• **EXERCISE DESCRIPTION**
Without the pictures, print the lines from the one holding "Imagem: O depósito" through the last line below, both included, exactly as they stand.

• **DATA PROVIDED**
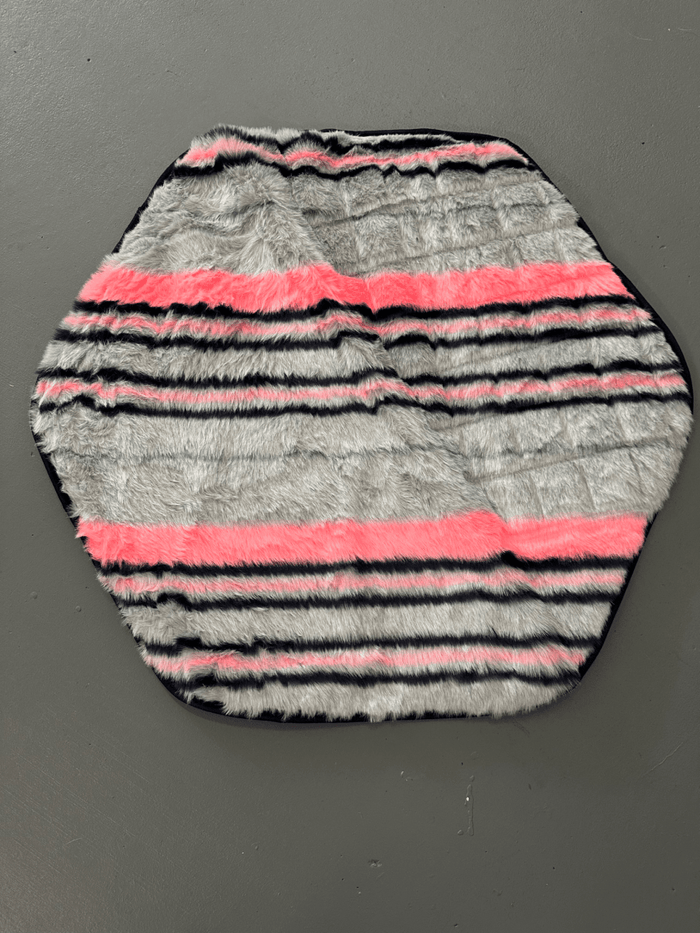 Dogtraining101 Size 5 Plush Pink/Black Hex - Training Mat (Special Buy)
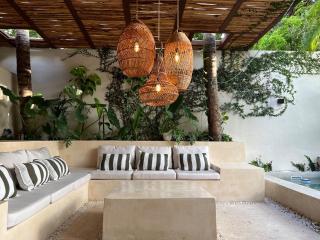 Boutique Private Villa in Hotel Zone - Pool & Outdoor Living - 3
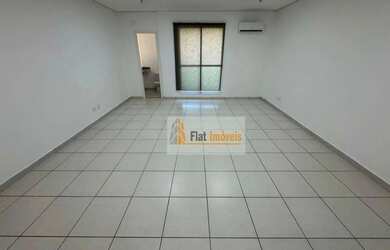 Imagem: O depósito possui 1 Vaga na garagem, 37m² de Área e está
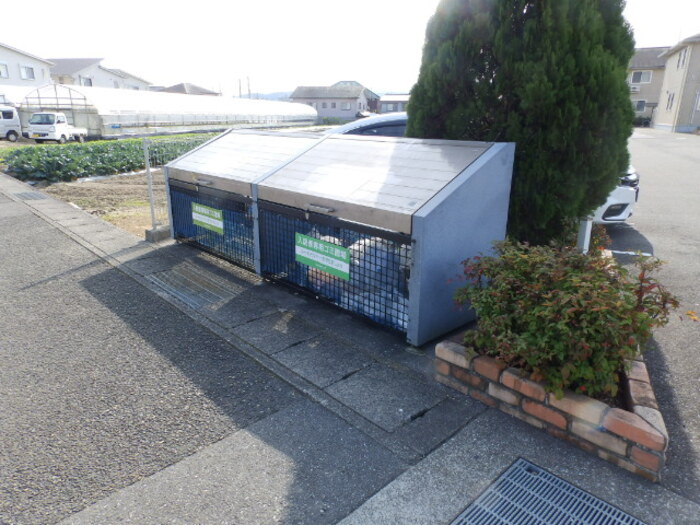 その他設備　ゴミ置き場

• **THE ANSWER**
 Imagem: O depósito possui 1 Vaga na garagem, 37m² de Área e está
 その他設備　ゴミ置き場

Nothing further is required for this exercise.